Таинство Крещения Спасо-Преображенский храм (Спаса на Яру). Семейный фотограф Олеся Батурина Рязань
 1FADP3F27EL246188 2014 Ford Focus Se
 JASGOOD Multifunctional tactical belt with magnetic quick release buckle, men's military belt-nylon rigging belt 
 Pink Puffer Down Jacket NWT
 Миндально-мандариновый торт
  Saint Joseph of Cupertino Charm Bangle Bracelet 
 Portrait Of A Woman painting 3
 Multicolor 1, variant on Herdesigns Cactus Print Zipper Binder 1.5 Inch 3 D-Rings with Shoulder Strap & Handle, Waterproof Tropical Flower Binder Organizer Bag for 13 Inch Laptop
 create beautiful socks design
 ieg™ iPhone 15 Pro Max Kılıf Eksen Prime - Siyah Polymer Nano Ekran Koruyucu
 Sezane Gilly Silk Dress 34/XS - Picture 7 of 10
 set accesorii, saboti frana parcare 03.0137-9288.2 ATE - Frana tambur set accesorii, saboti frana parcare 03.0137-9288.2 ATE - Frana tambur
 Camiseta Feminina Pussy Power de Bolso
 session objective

▸ **What the task asks**: Write down only the number of lines above where the word "with" occurs.

▸ **Finished task**: 2